◆ **Problem to solve**
Please return every line below that contains the string "Creuset".

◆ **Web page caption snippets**
++++++++++++++++++++
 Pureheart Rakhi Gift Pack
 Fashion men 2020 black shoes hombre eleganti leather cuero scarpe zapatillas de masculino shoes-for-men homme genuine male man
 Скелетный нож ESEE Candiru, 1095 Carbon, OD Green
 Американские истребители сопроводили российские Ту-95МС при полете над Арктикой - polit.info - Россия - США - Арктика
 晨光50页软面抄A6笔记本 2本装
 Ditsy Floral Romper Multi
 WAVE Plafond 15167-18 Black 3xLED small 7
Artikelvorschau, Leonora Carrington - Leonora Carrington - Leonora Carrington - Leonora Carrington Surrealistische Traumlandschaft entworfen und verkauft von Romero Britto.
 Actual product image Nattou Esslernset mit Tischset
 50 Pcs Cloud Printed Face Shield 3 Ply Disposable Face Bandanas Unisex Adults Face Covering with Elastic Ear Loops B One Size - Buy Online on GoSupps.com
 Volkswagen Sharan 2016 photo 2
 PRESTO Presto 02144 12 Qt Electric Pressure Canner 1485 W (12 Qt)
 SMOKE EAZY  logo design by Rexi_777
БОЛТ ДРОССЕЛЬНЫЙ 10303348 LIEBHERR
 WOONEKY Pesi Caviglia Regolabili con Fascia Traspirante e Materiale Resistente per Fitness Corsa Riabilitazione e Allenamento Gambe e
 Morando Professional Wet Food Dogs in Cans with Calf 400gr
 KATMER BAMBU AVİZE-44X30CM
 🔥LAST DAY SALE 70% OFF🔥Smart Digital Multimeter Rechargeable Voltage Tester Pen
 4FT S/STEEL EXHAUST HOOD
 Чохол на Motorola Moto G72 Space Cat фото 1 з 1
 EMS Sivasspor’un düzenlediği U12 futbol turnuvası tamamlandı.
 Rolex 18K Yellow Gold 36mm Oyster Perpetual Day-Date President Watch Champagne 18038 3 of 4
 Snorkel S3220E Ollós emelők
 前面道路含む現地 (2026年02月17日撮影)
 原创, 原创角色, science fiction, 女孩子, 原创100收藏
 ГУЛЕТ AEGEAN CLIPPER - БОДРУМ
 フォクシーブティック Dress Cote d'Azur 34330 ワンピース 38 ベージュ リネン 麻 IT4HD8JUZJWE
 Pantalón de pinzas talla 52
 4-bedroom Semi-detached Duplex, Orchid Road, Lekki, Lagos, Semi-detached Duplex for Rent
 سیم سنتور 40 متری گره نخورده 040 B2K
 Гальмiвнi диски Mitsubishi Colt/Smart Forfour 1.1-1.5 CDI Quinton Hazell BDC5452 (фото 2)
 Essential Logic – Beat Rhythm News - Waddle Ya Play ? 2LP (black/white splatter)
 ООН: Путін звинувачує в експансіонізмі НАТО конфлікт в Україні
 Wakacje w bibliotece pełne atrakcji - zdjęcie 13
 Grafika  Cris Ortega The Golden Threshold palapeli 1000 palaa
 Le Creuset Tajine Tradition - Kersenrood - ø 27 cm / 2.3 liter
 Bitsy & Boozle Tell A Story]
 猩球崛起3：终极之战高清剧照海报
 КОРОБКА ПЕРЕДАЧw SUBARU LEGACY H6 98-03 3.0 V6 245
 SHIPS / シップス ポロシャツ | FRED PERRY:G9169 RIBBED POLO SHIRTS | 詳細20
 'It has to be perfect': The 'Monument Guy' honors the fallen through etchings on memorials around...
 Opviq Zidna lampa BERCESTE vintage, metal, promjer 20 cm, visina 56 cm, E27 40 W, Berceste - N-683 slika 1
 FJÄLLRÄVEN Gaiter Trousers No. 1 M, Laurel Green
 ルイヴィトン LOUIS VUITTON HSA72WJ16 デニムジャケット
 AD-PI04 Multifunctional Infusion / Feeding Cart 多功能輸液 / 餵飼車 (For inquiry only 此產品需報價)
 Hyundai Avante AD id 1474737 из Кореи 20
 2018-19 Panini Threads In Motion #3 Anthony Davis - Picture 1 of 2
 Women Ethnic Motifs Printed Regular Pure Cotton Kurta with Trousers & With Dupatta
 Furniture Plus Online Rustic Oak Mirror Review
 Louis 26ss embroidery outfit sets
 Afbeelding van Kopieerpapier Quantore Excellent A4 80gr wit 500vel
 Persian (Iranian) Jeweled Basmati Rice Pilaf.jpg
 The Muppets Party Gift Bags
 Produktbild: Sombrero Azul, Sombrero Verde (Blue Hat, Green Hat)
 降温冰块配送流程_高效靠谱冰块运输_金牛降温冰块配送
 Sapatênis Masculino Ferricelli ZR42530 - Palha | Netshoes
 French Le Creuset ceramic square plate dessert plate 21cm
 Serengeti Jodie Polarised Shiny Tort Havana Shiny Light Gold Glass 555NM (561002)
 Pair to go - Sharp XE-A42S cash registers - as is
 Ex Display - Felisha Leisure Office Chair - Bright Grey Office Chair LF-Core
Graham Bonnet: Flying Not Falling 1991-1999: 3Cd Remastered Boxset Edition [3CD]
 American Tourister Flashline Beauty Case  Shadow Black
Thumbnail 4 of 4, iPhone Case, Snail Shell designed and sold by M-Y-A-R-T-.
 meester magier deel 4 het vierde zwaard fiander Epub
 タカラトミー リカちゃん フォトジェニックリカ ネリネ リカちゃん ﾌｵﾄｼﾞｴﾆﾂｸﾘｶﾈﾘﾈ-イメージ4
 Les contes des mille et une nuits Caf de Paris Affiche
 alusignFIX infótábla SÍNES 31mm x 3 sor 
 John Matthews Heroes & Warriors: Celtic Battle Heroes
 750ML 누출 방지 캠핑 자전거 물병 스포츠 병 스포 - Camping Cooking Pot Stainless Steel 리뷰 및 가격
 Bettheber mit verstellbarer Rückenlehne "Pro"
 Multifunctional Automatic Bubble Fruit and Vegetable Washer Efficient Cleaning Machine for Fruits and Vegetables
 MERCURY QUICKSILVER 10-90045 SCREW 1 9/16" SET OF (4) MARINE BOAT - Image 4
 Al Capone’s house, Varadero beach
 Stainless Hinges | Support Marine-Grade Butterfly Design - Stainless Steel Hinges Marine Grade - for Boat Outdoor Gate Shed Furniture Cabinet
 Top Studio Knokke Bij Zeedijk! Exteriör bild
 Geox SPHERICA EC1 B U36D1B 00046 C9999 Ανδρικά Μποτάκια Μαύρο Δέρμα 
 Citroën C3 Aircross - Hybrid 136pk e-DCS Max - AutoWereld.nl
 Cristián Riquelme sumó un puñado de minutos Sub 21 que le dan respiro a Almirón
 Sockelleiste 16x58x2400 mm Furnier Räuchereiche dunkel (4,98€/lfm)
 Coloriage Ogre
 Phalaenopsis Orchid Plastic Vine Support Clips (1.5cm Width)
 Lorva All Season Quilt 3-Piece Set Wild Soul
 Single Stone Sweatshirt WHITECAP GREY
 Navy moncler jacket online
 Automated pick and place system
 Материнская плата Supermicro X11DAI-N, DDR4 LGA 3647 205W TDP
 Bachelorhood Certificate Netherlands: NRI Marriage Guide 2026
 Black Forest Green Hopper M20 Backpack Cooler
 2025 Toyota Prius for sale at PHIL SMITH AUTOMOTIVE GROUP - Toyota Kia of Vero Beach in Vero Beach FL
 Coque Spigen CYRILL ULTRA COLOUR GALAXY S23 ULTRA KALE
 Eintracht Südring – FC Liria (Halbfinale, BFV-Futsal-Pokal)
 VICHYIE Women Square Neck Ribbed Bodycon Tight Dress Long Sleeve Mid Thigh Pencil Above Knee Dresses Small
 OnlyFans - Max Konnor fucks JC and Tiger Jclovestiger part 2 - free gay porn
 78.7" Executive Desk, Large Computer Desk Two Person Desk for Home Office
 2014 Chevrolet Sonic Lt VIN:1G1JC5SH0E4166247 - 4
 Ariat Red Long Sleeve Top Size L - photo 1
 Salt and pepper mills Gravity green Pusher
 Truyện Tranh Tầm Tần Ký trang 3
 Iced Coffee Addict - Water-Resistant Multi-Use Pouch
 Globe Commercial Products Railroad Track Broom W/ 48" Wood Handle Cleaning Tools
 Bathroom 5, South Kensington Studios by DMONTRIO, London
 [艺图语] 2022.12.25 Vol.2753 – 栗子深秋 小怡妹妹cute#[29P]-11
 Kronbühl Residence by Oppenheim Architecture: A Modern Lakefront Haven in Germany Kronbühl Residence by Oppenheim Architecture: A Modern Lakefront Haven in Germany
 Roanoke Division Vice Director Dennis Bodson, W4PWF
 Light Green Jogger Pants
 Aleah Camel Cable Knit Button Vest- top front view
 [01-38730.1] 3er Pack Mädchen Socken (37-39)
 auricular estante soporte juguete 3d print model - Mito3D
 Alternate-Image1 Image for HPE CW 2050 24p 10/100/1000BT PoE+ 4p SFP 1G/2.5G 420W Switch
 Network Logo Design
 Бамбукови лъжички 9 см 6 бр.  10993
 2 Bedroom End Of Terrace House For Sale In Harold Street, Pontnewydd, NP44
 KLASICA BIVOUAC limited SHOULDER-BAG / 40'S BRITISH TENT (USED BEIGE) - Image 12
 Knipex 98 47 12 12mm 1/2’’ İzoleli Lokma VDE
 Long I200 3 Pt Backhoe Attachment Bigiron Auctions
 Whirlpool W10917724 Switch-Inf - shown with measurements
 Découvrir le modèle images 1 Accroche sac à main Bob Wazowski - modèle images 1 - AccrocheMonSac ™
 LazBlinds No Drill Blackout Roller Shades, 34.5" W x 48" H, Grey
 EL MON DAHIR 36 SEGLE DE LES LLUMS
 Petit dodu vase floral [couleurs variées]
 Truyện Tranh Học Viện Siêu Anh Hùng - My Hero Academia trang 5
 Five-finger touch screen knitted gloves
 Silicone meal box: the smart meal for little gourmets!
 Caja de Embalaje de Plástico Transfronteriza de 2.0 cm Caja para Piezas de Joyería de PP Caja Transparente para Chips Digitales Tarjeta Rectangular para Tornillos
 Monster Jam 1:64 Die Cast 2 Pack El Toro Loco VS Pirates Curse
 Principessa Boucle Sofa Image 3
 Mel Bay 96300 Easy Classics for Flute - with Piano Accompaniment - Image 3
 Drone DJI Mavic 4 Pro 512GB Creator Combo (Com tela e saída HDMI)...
++++++++++++++++++++
◆ **Output of the exercise**
 Le Creuset Tajine Tradition - Kersenrood - ø 27 cm / 2.3 liter
 French Le Creuset ceramic square plate dessert plate 21cm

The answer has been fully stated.